We’re joined by Restless Dance Theatre’s artistic director Michelle Ryan, who says the work was inspired by a personal moment that left her feeling vulnerable.

Dancer and artistic director Michelle Ryan

 

Michelle turned this feeling into a creative springboard to explore risk and uncertainty.

“There’s a sense of community and we look out for each other. But sometimes you might feel like you’re by yourself, and you’re alone in the world, but there’s this sense of community around you,” says Michelle, who has multiple sclerosis and uses a wheelchair.

“It’s just exploring that when you’re vulnerable, and when you’ve got the strength of the group that will support you in times that when you feel like something is too hard to deal with, that’s the feeling.

“So how do you work together?”

“I want to be the best dancer I can be,” Charlie Wilkins says.

CityMag has previously reported on Restless Dance Theatres’ struggle with funding cuts. In 2020, the company was told it would would not receive its multi-year Australia Council funding.

Hopes were buoyed, though, when the theatre and dance company received a specific grant from the Office of the Arts to stage Exposed. The organisation also explored other ways of generating revenue, resulting in a successful fundraising campaign generating $230,000 matched funding.

Charlie spends a fair chunk of his time on stage. After Exposed wraps up, he starts rehearsal with Patch Theatre Company for Home, a one-man show.

He will then travel to Melbourne for a development opportunity with the Chunky Move dance organisation, and later in the year will perform as part of Rising Festival.

Charlie’s then off to Brisbane with his colleagues to perform in Guttered, which Restless put on in last year’s Adelaide Festival.

“After that, he goes to the UK for Rewards for the Tribe and then back here to do another development for the show for next year,” Michelle says.

“Between January and the end of October, he’s only got one week off.”

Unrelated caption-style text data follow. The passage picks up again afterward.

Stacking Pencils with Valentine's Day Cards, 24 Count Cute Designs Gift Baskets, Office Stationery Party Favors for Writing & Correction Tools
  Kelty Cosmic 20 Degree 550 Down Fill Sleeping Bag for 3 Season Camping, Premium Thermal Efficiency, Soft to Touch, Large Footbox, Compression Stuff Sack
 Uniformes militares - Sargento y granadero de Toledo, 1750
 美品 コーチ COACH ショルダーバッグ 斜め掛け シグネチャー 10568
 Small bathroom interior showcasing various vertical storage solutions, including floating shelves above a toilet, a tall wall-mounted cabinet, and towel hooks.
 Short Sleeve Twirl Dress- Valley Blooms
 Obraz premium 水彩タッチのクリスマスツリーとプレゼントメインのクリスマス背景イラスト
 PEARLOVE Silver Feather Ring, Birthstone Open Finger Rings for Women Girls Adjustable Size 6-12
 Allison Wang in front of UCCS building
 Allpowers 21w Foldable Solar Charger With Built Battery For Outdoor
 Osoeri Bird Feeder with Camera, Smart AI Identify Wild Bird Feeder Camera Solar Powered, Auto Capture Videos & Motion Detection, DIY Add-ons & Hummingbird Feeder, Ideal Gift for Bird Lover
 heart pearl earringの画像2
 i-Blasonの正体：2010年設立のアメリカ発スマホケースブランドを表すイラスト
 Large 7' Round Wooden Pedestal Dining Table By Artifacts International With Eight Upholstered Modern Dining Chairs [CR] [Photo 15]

Charlie also spends a gruelling number of hours in the pool. He trains with the Onkaparinga Swim Club, and travelled to Abu Dhabi in 2019 for the Special Olympics World Games. More recently, we’re told Charlie beat five personal bests.

“My mum let me eat KFC that day,” he says, smiling.

Michelle jokes that she doesn’t want to hear about her dancers eating junk food, covering her ears.

When we ask Charlie what he gets out of devoting so many hours into these two very physical and demanding passions, he says it’s “fun”.

“Dancing is very good, and with Restless I’m getting paid. I’m so happy to get paid because I’m a very good dancer,” he says.

“I want to be the best dancer I can be.”